Action item:
One part of the entries below is wanted: the lines from the one containing "Verify that the" through the one containing "The Hover Pre-Takeoff". Write those out exactly and nothing else.

Data for the task:
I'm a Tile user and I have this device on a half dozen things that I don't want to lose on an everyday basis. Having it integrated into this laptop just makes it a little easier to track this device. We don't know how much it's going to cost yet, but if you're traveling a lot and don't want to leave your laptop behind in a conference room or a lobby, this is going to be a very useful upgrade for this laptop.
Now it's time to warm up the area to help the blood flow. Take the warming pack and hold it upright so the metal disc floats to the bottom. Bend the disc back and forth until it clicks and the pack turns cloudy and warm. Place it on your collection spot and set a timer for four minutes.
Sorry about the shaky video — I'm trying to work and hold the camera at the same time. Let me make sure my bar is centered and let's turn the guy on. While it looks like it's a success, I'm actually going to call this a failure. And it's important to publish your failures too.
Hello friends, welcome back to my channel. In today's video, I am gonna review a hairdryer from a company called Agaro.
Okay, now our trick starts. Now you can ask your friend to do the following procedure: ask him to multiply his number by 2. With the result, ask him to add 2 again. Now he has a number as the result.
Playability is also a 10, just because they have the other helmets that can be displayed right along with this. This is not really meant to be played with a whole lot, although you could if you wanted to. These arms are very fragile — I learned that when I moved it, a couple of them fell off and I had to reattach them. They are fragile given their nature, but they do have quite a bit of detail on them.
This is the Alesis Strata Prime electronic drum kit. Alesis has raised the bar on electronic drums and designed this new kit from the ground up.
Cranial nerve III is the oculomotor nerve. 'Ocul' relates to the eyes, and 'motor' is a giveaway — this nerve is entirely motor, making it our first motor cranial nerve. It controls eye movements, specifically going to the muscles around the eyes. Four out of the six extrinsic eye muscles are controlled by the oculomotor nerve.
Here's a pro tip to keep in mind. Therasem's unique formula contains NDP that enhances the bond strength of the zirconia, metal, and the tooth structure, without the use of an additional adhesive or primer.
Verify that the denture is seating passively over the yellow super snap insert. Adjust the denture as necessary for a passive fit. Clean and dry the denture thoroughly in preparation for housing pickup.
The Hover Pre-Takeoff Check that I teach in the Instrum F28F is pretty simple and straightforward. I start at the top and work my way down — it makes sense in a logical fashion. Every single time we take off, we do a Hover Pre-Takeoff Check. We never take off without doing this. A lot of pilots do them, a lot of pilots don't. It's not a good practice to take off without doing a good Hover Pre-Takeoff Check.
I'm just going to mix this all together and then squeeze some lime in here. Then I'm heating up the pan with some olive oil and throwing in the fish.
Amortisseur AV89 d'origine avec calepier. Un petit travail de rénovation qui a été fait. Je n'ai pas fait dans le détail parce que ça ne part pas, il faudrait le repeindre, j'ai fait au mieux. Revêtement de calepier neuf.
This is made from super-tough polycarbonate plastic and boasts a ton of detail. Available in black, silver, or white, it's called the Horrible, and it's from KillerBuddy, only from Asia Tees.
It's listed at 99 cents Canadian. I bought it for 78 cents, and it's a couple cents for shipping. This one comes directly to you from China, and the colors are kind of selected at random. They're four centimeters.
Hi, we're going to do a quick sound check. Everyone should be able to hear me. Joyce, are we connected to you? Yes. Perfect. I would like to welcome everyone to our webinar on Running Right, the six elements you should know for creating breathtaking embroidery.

Task result:
Verify that the denture is seating passively over the yellow super snap insert. Adjust the denture as necessary for a passive fit. Clean and dry the denture thoroughly in preparation for housing pickup.
The Hover Pre-Takeoff Check that I teach in the Instrum F28F is pretty simple and straightforward. I start at the top and work my way down — it makes sense in a logical fashion. Every single time we take off, we do a Hover Pre-Takeoff Check. We never take off without doing this. A lot of pilots do them, a lot of pilots don't. It's not a good practice to take off without doing a good Hover Pre-Takeoff Check.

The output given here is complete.